Mescidin güney duvarı boyunca Suffe denilen bir gölgelik bulunmaktaydı. Suffe gündüzleri bir okul şeklinde kullanılan, geceleri ise barınacak yeri olmayan, kimsesiz, bekâr, Medine’ye göç etmiş ilim talebelerinin kalabileceği bir yerdi. Burada kalanlara ashâb-ı Suffe denirdi. Peygamberimiz (sav) onların ihtiyaçları ile yakından ilgilenir ve zengin müslümanları onlara yardıma teşvik ederdir.
Kardeşlik
Mekke’den gelen muhacir müslümanlar baskı ve işkenceden kurtulmuşlardı. Ancak yine de yeni bir şehre yerleşmenin getirdiği birçok sorun vardı karşılarında: İlk sorun, Medine’nin iklimine alışkın olmadıkları için muhacirlerin hastalıklarla boğuşmalarıydı. Ensarın bütün yardım-severliğine rağmen, yeni bir şehirde evsiz ve işsiz olmanın güçlüğü ikinci bir sorundu. Ensarın yardımlarının daha sistemli hale getirilmesi ve herkesi kuşatan bir bütünleşmenin sağlanması gerekiyordu.

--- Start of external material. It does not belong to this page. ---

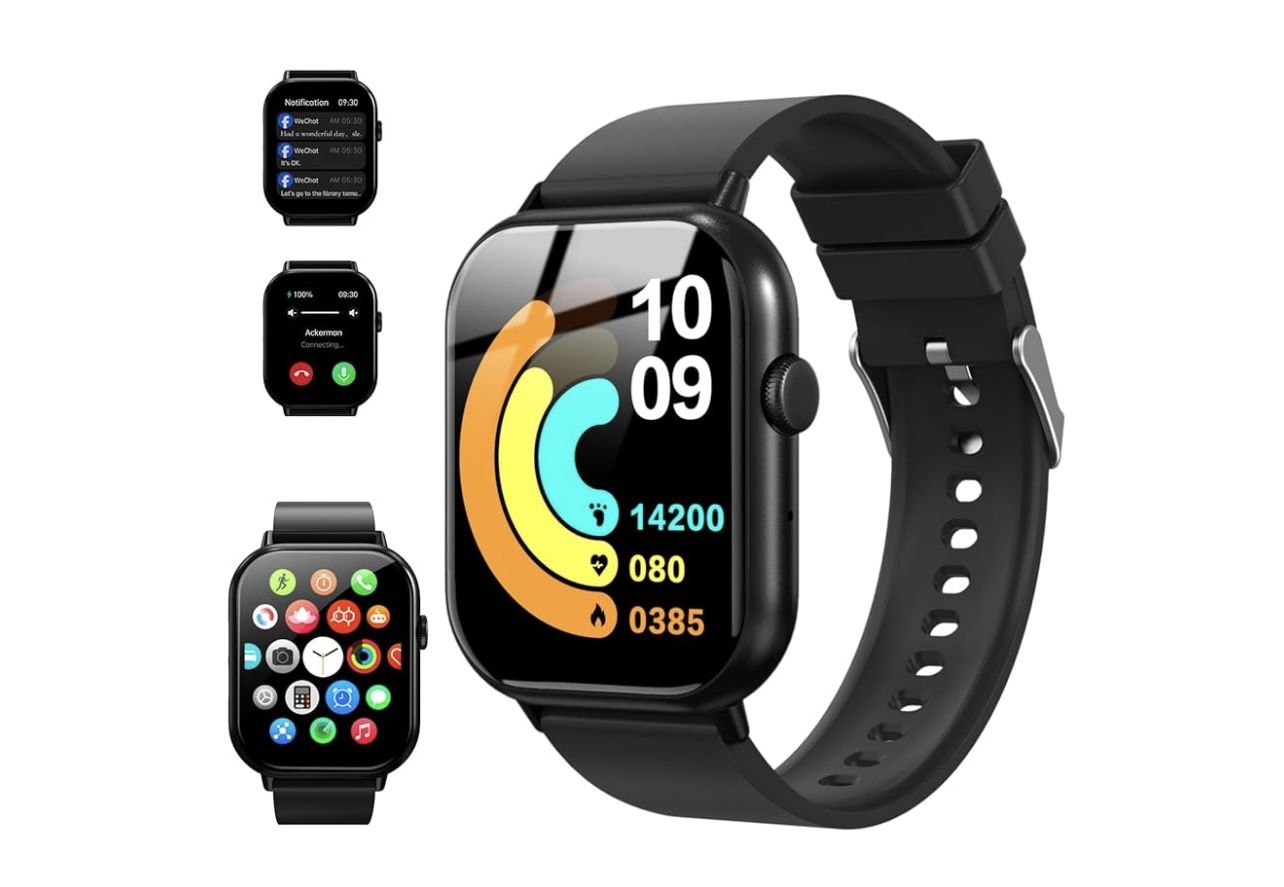 Smart Watches for Men & Women with Bluetooth Calls, 2.01" HD Fitness Tracker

Kâinatın sevgilisi Hz. Muhammed (sav) Medine’ye varışının üzerinden beş ay geçmiş, bu süre içinde hastalıklar da büyük oranda atlatılmıştı. Resûlullah (sav) ensar ve muhacirlerin katıldığı bir toplantı düzenledi. Bu toplantıda maddî açıdan müsait olan Medineli her ailenin, birer muhacir aileyi kendi yanlarına almaları kararlaştırıldı. Bu, bir kardeşlik antlaşması idi. Kardeş aileler birlikte çalışacaklar ve her şeyi paylaşacaklardı. Böylece 186 Mekkeli aile, Medineli kardeşlerinin evlerine yerleştirildi. O güne kadar birer misafir olan muhacirlerin artık kardeşleriyle paylaştıkları bir evleri ve işleri vardı. Muhacirler, bu yeni şehirde sosyal ve ekonomik açıdan kendilerine yeterli olana kadar bu durum devam edecekti.